Connect with us

Automobile

It’s time to ditch the term ‘crossover’

Published

on

I get it. Labels exist for a reason, especially when you’re trying to market something. You need terms for your products, terms for your customers, terms for your brand and your sales space. If I’m going to buy a car, I should have an idea of what type of car I want. But in spite of all that, I cannot think of a more egregious symbol of pointless collective inertia than our adherence to the term “crossover.”

Despite stubborn adherence to the belief, what happened here is far more than a mere fad. Minivans were a fad; they didn’t redefine four-wheeled transportation. The notion of blending a car and SUV was so successful that it completely warped the automotive market. If you’re still waiting for crossovers to merely become uncool and fade away, I admire your commitment to your own delusion. Love them or hate them, they’re not going anywhere.

But why do we still call them “crossovers”? You must admit that it’s kind of strange that a huge share of the market belongs to cars that are essentially defined by what they’re not, rather than what they are. Sure, we sneer and say they’re “just” station wagons or hatchbacks with a little more ground clearance, or even minivans without sliding doors. None of these is universally accurate, not by a long shot.

Just call them cars. 

Imagine it’s 20 years from now and you’re trying to define a crossover for a small child who has never seen a sedan. Do you describe an elephant as a wooly mammoth without fur? We’re reached the point where crossovers have essentially become the default; to not treat them that way is merely a stubborn allegiance to a dead (and itself transient) notion of what a car actually is. It’s no longer a question of size or utility; the class has transcended both. So why not just drop the term from our vocabulary entirely?

Think about it. If you showed the industrialists who first put an engine between four wheels a picture of a Mazda Miata and CX-5, the latter would be more recognizable to them than the former. The earliest cars were tall, upright things. They had to be. They came along before engineers had even reached a consensus on what materials should be used to pave our roads, let alone finished doing it. We didn’t have the U.S. Highway System until the mid-1920s, and interstates didn’t come along until the Cold War. The original interstate plan wasn’t even completed until 1992.

Cars got lower and longer as roads got straighter and smoother. It was privilege, in a sense, that brought us the low-slung automobile, and it’s privilege that sent us in the other direction again, as large SUVs became symbols of conspicuous consumption. That’s not a value judgment, mind you, but merely an observation, and not an original one; wealth and trend-setting have gone hand-in-hand for as long as both have existed.

And in a way, the rise of bigger cars has been self-perpetuating. Even those who don’t seek them as a status symbol are influenced by their existence, as concerns like safety and on-road visibility nudge the otherwise vehicularly agnostic buyer toward bigger cars.
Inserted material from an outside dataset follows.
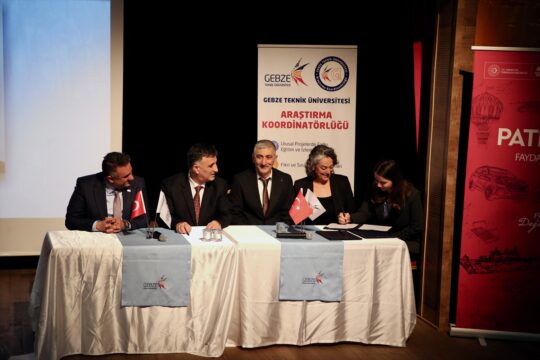 TÜRKPATENT Başkanı Durak, Kocaeli'de konuştu:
The opening of some less-developed markets has made the timing fortuitous as well, as the tastes of shoppers in wealthier economies happen to align with the needs of countries without advanced road infrastructure.

In the immediate aftermath of the term “crossover” being coined, it was often used as a term of derision, as we saw this week, when many on social media dismissed the new Ford Maverick as “just a crossover.” It came with the stigma of generalized utility, synonymous with attempting two missions and being only mediocre at either of them. That taint came with the term, mind you, not the concept. Look no further than the XJ Jeep Cherokee for an example of what is essentially a crossover that escaped scorn only by dent of arriving well ahead of the label and its associated sentiment. 

The reality is that crossovers are actually pretty darned good at being cars. Much as many of us are loathe to admit it, they’re practical, like the hatchbacks and wagons we worship. Quibbling over what typically amounts to no more than maybe an inch or two of ground clearance is just a silly gatekeeping maneuver. Yeah, modern cars are taller and heavier than the sedans you worshipped, and those are inherent compromises — just like sport sedans and hot hatchbacks were when compared to “real” sporting cars. You scoff, but it’s true.